----- DATA SUPPLIED -----

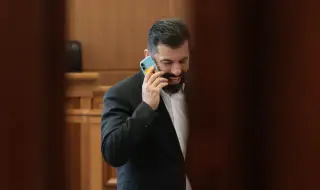 Съдът отложи за 2026 г. делото срещу Кирил Петков за длъжностни престъпления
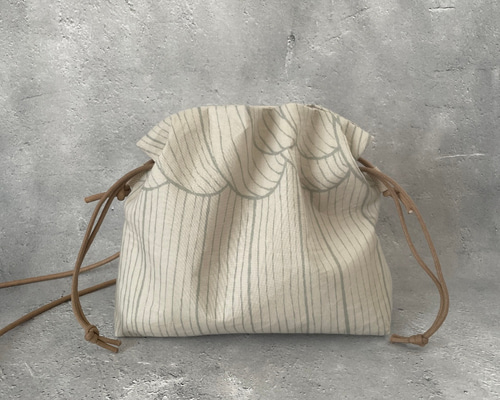 ⚮̈ミナペルホネン sulka beige エアリーポシェット 手拭 ポシェット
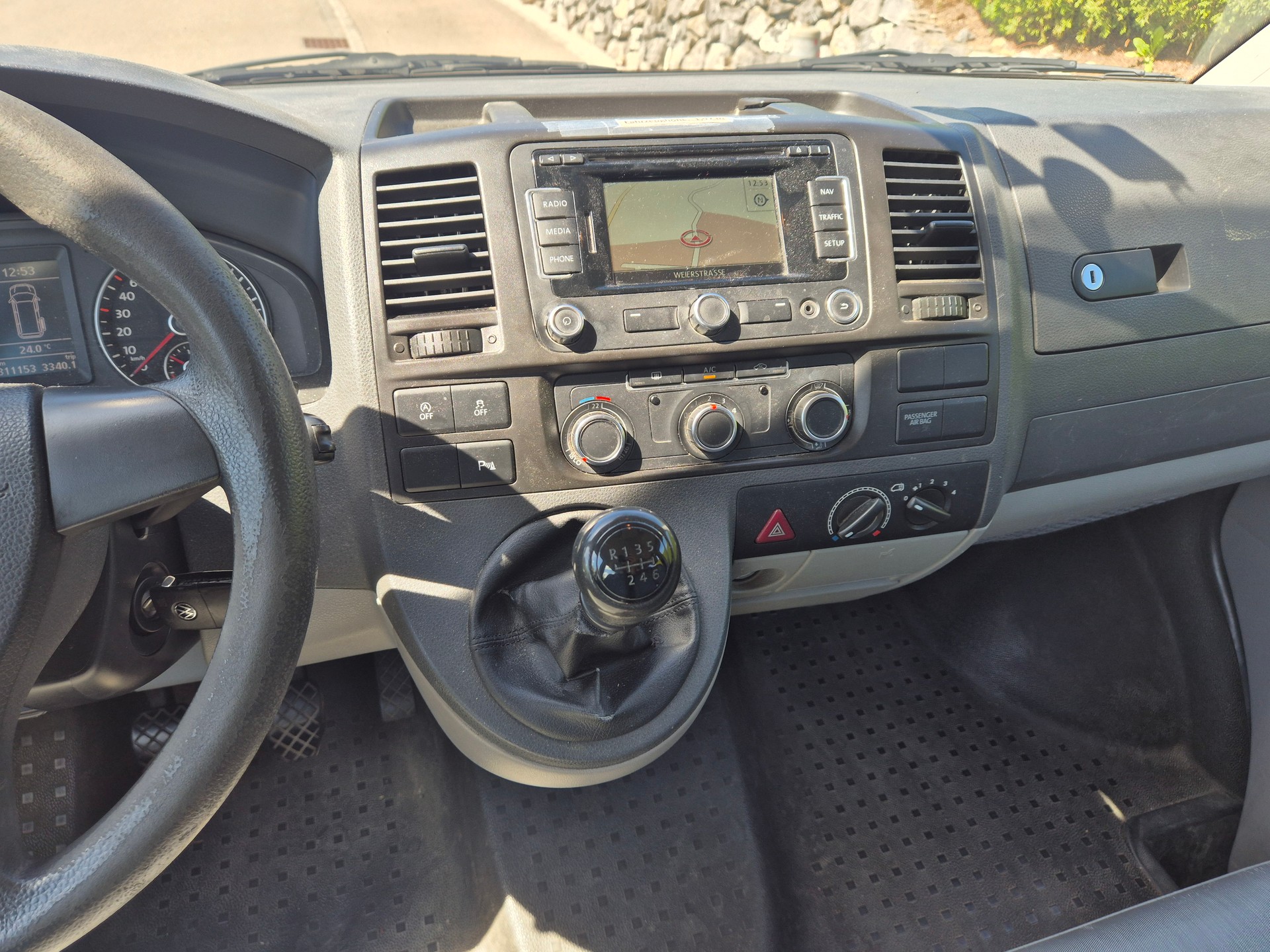VW T5 2.0 TDI BMT, 3400, LANGVERSION, 9 PLATZ-image-11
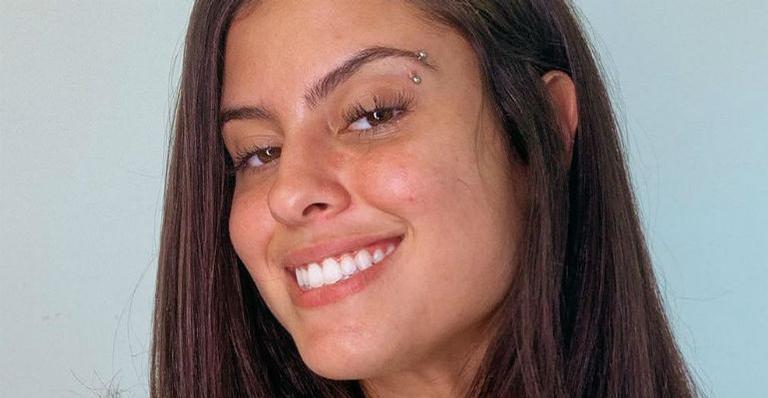 Ex-BBB Hana Khalil rebate críticas por pelos nas axilas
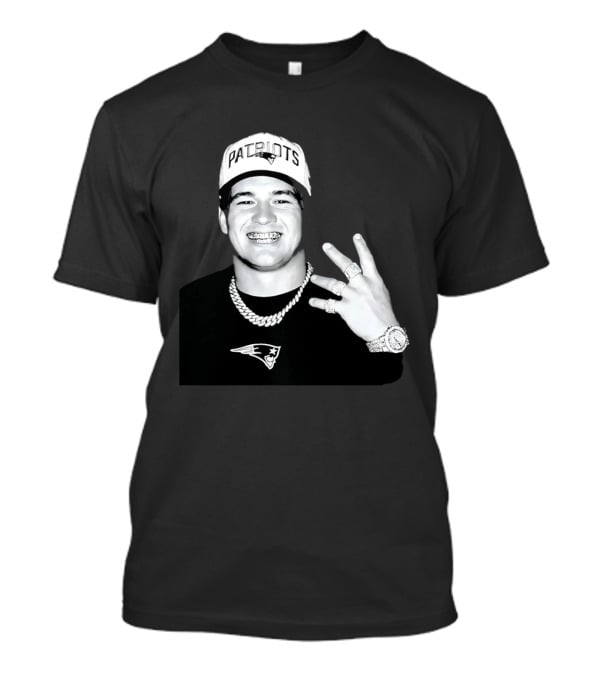 Drake Maye Patriots Cap Rings And Necklace T-Shirt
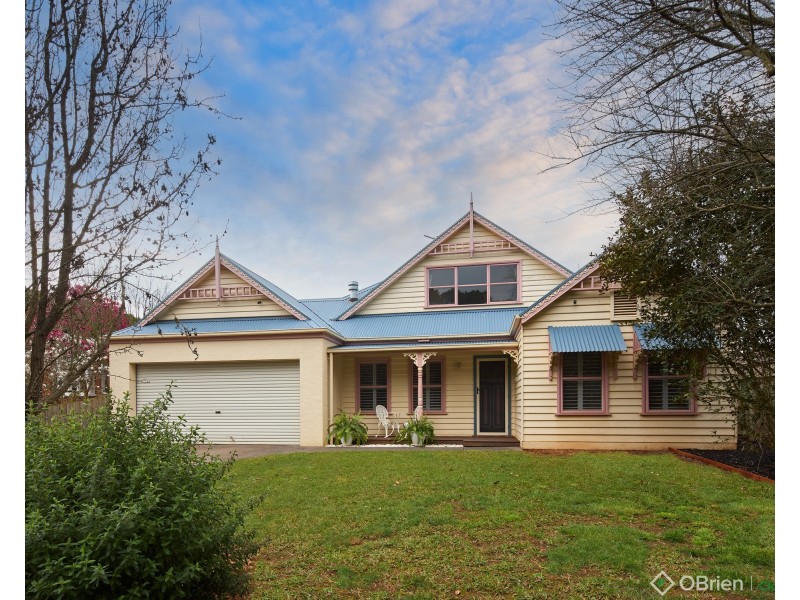 6 Evergreen Close, Drouin VIC 3818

-----

» **REQUIRED ACTION**: An exact restatement of the entries above is needed; no picture may appear in it.

» **REPLY**:
 Съдът отложи за 2026 г. делото срещу Кирил Петков за длъжностни престъпления
 ⚮̈ミナペルホネン sulka beige エアリーポシェット 手拭 ポシェット
VW T5 2.0 TDI BMT, 3400, LANGVERSION, 9 PLATZ-image-11
 Ex-BBB Hana Khalil rebate críticas por pelos nas axilas
 Drake Maye Patriots Cap Rings And Necklace T-Shirt
 6 Evergreen Close, Drouin VIC 3818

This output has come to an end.